It wasn't until the 19th century that archaeology became an established discipline. The subjects of study in the field range from fossils of humans of 4.5 million years ago to the concerns of contemporary city-dwellers. The excavation of archaeological sites has provided information about the Ice Age, the development of agriculture, the civilizations of the ancient Egyptians and the Anasazi, and other historical cultures and events. In the 1870s, Heinrich Schliemann did some early work, excavating sites in Greece and Turkey that he believed to be the city of Troy described in Homer's Iliad. (It was later determined that the artifacts of the area were actually 1,000 years too old to have been part of Troy.) Arguably the most famous archeological excavation involved the tomb of the Egyptian pharaoh Tutankhamun (King Tut), which was discovered by British archeologist Howard Carter in 1922.
These excavations, and others before the 1960s, were large in scale.
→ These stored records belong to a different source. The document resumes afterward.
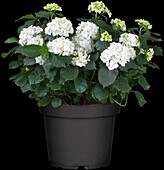 Hydrangea macrophylla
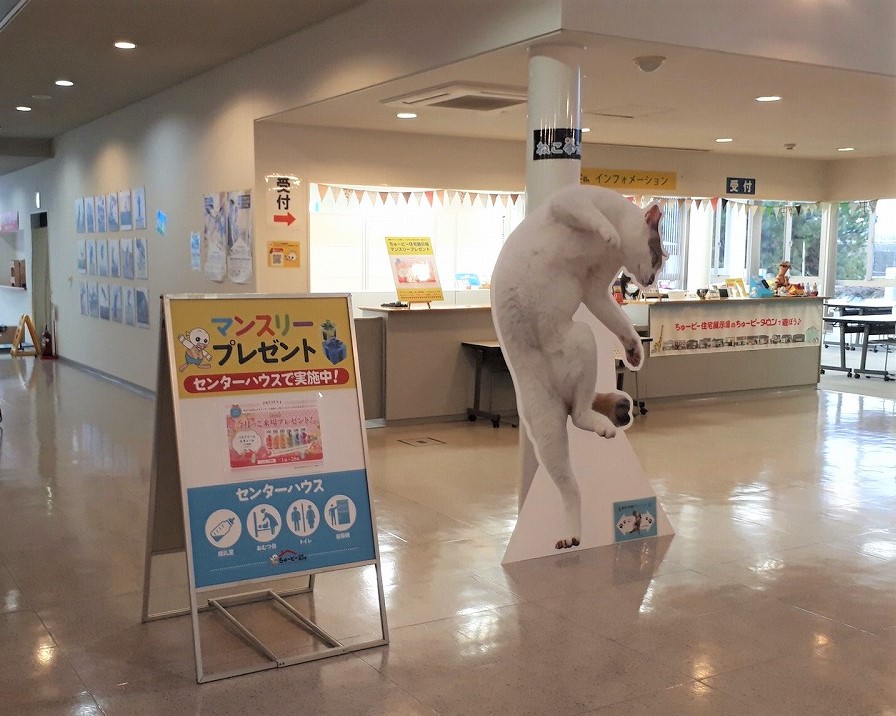 ねこ拳法展inちゅーピー住宅展示場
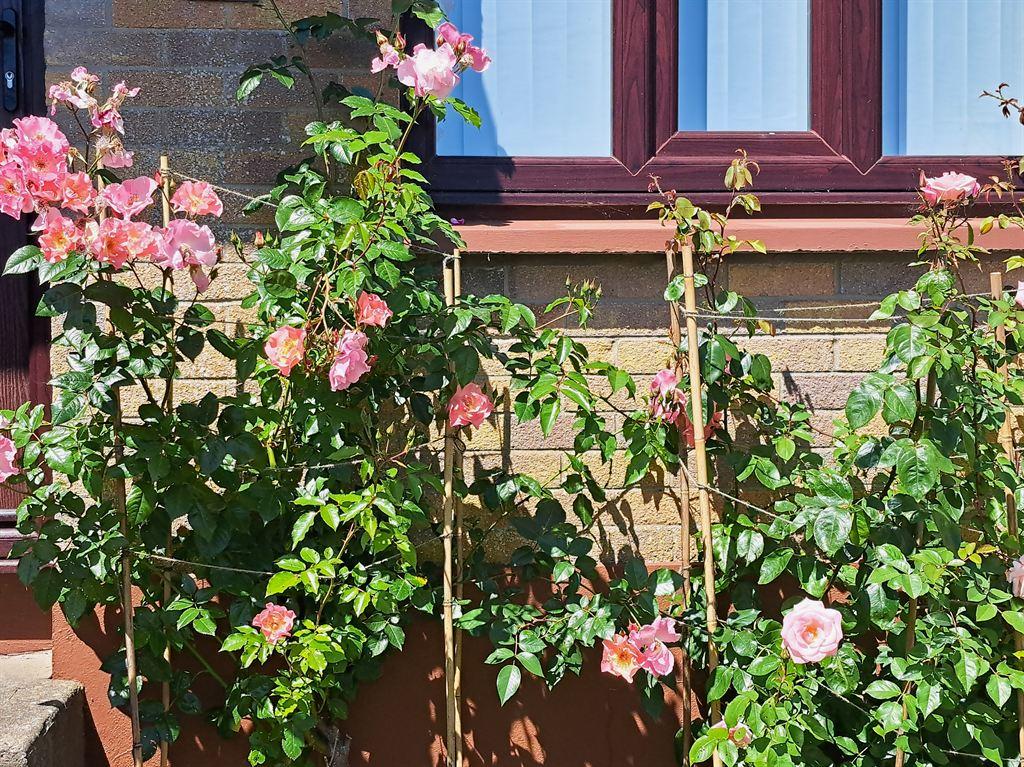 roses3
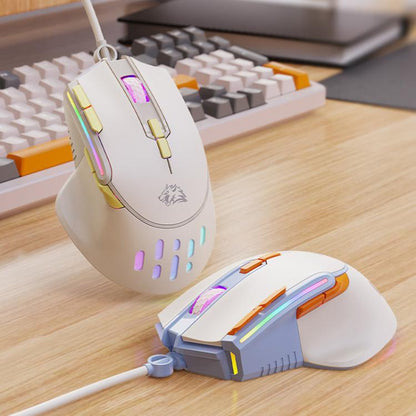 TBD06065448_B1.jpg@3d982a2b60032bf66ba4d4cca621d4c7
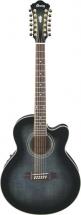 Ibanez Ael2012etks 12 Cordes Noir Degrade Transparent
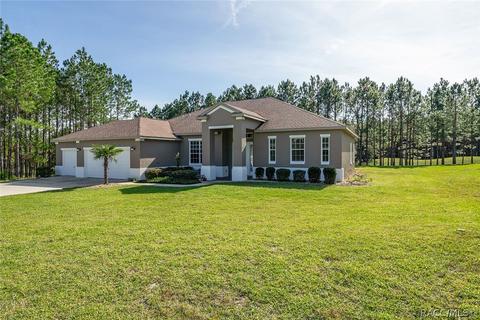 1674 E Gate Dancer Cir, Inverness, FL 34453 photo 3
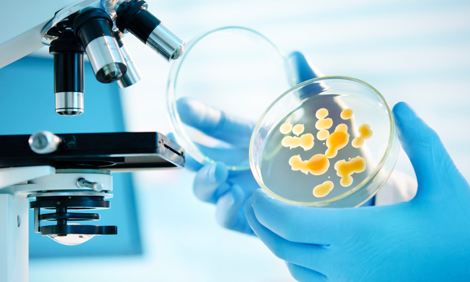 Microbiology analytical tools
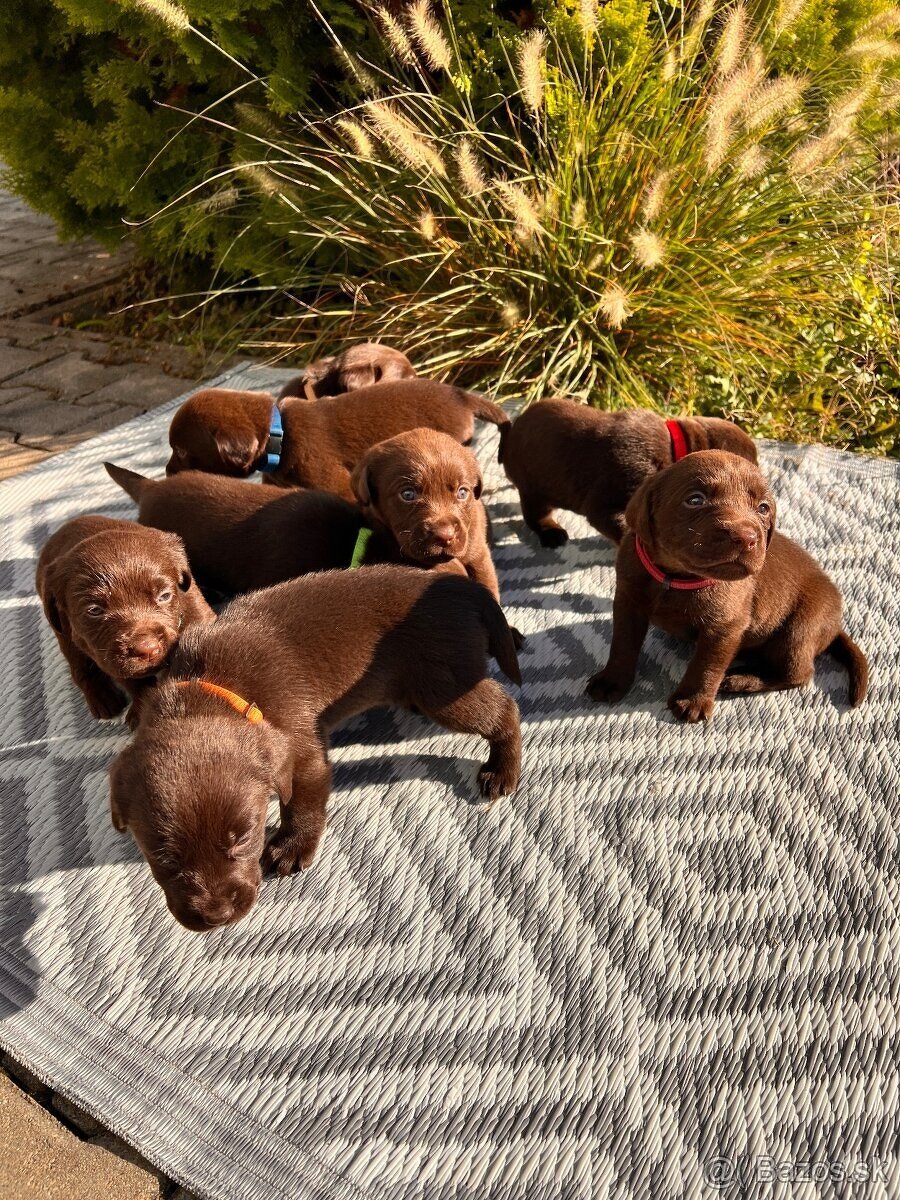 Labrador na krytie - 9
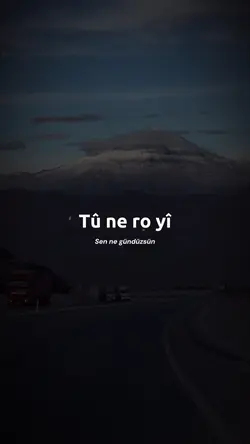 Tû ne ro yî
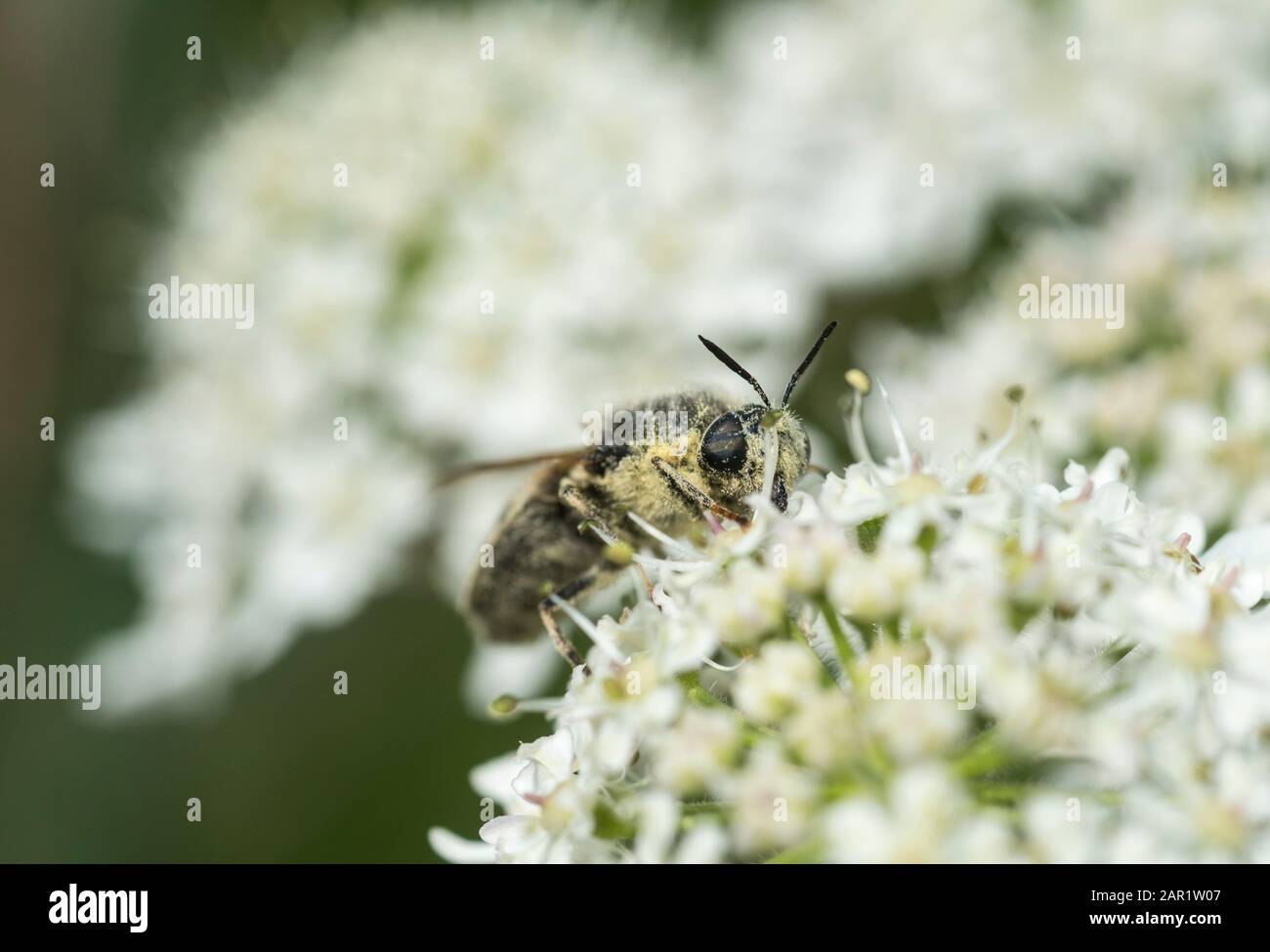 Soldierfly, Flecked General (Stratiomys singularior) foraging Stock Photo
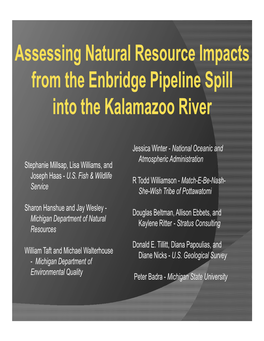 Assessing Natural Resource Impacts G P from the Enbridge Pipeline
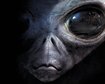 thumb-image-2024-02-29T14:06:06.083Z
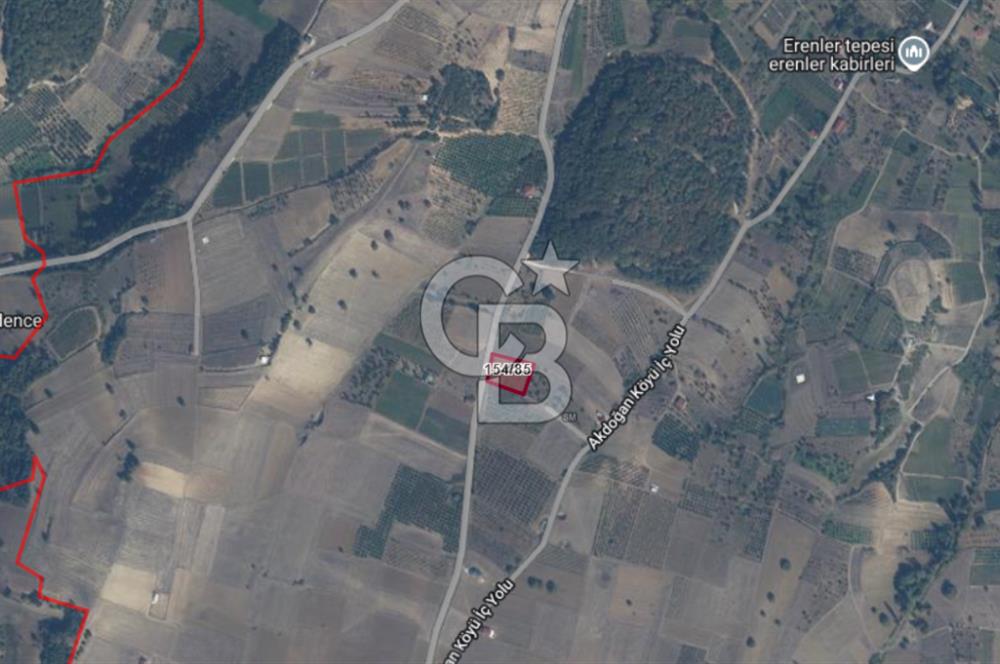 Geyve Akdoğan'da 2400 m² Üzüm Bağı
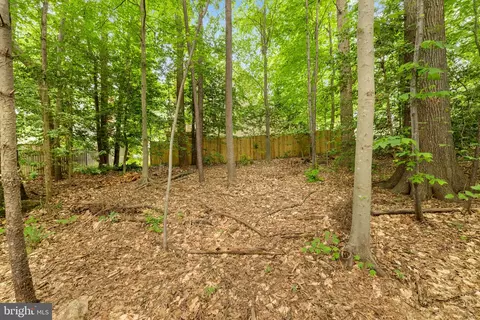 Exterior - 9206 Northedge Dr, Springfield, VA 22153 photo 12 of 14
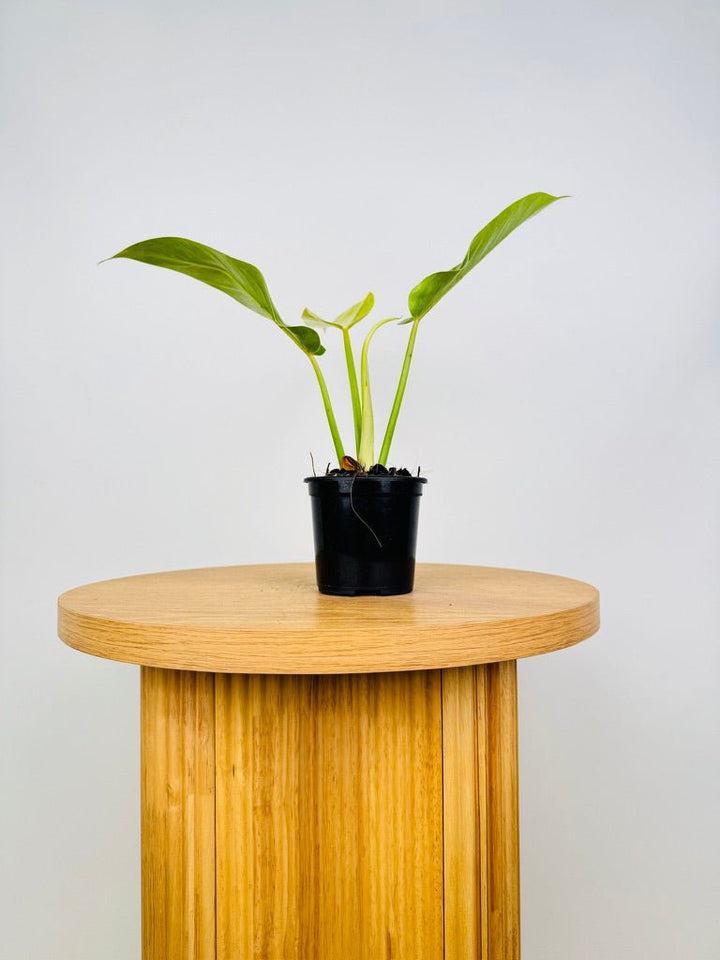 Philodendron Erubescens - Lemon Twist | Uprooted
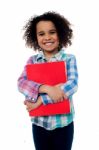 Smiling Schoolgirl Holding A Book Stock Photo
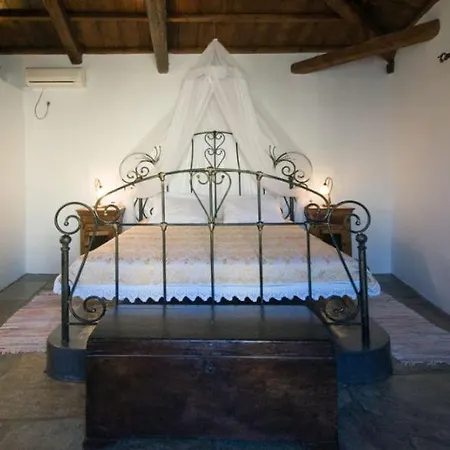 Abramis *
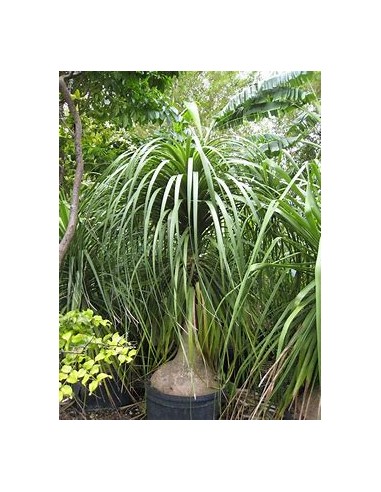 Palma cola de Pony - Beucarnea recurvata -...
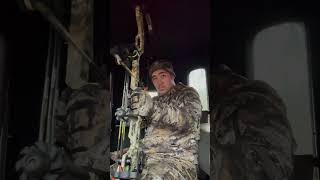 Bow Hunting Decisions archery deerhunting bowhunting letemgoletemgrow [upl. by Htebizile]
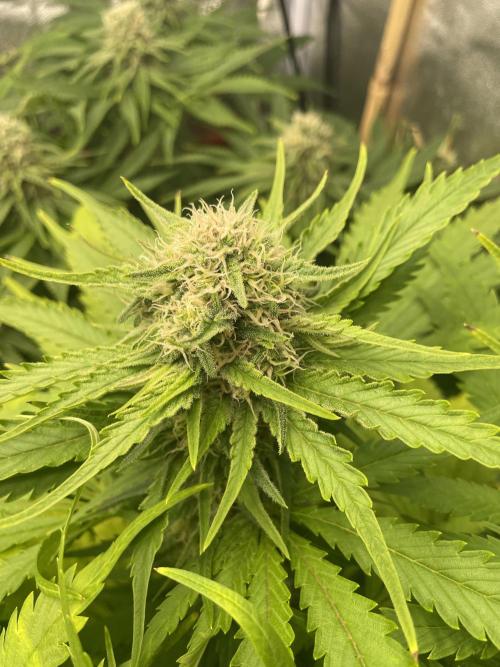 Living soil. Week 9 - Og kush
Archaeologists preferred to clear as much land as possible, hoping to uncover more artifacts. But today's archaeologists understand that much can be lost in an excavation, and they limit their studies to smaller areas. With radar, sensors, and other technologies, archaeologists can discover a great deal about a site without any actual digging.
One noteworthy trend is the emergence of cultural resources management (CRM) archaeology, in which archaeologists are hired by CRM firms; large companies that provide engineering, environmental impact, or planning services; colleges and universities; nonprofit organizations; tribal governments; museums; and federal, state, and municipal agencies to determine if cultural resources are present at proposed construction and land use sites and document and/or recover these resources before the project begins. An increasing number of government- and private-funded construction projects has created strong demand for archaeologists in this specialty. It is estimated that cultural resources management (CRM) archaeology is now a $1 billion industry annually in the United States, and CRM projects make up at least 90 percent of all field archaeology that is conducted in the United States.